In determining whether an action must be stricken under the anti-SLAPP statute, the court engages in a two-step inquiry. GLAAD, 742 F.3d at 422 (citing Navellier v. Sletten, 29 Cal. 4th 82, 88 (2002)). First, the court asks whether the defendant has made a prima facie showing that the plaintiff's cause of action arises from conduct in furtherance of the exercise of the defendant's constitutional right of petition or right of free speech in connection with an issue of public interest. Id. Second, if the defendant makes this showing, the burden shifts to the plaintiff to "establish, by competent evidence, a probability that it will prevail on its [claims]." Id. Only a cause of action that satisfies both prongs of the anti-SLAPP statute - i.e., one that arises from protected speech or petitioning, and lacks even minimal merit - is a SLAPP, subject to being stricken under the statute. Navellier, 29 Cal. 4th at 89. In evaluating the motion, the court considers "the pleadings, and supporting and opposing affidavits stating the facts upon which the liability or defense is based." GLAAD, 742 F.3d at 422 (quoting Cal. Civ. P. Code § 425.16(b)(2)). B. Defendant's Motion

Ford seeks an order striking the complaint. Ford argues, first, that plaintiffs' causes of action arise from the protected activity of engaging in settlement discussions regarding threatened litigation. The anti-SLAPP statute defines four kinds of conduct that may constitute acts "in furtherance of a person's right of petition or free speech" for purposes of the statute. Cal. Civ. P. Code § 425.16(e). Here, Ford asserts, its alleged conduct falls within the second category, "any written or oral statement or writing made in connection with an issue under consideration or review by a legislative, executive, or judicial body, or any other official proceeding authorized by law." Cal. Civ. P. Code § 425.16(e)(2).

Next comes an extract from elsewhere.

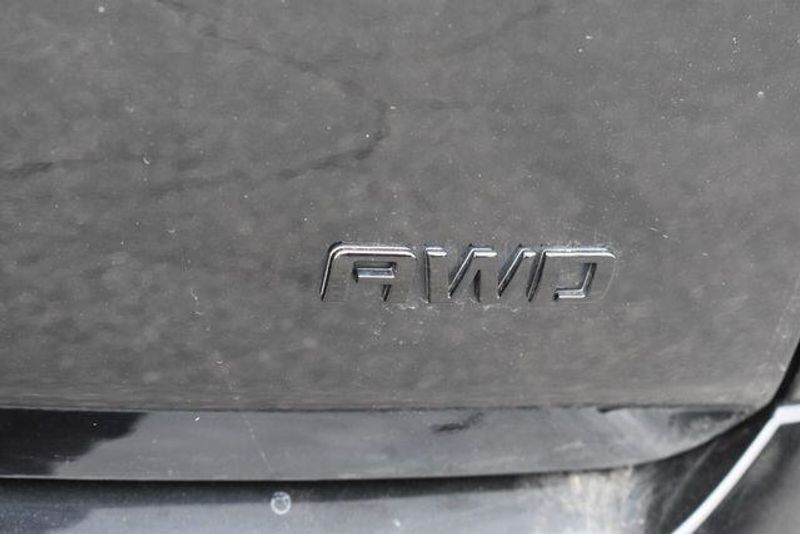 Used 2023 Chevrolet Traverse PremierImage 19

Ford acknowledges that on its face, this language might be read as limited to communications directed to an official body during its review, but argues that it is much broader than that. Ford asserts that the communications need not be made in court or even directed to the court, and that there does not need to be an official proceeding underway at all. See Graham-Sult, 2014 WL 444153 at *7 ("[C]onduct can be protected by the anti-SLAPP statute even though no issue is yet under consideration by a judicial body at the time the defendant engages in the conduct"); Tuck Beckstoffer Wines, 682 F. Supp. 2d at 1015 (pre-litigation conduct is protected).

Ford agrees that there is a limit, because the statute requires an act "in connection with" litigation; but asserts that the degree of connection required is minimal, and notes that the California Supreme Court has held that a prelitigation communication is privileged so long as it "relates to litigation that is contemplated in good faith and under serious consideration." See Action Apartment Assn., Inc. v. City of Santa Monica, 41 Cal. 4th 1232, 1251 (2007); Briggs v. Eden Council for Hope & Opportunity, 19 Cal. 4th 1106, 1115 (1999) ("communications preparatory to or in anticipation of" litigation are entitled to protection); Neville v. Chudacoff, 160 Cal. App. 4th 1255, 1264-69 (2008) (statute applied where evidence showed there had been a "threat of impending litigation").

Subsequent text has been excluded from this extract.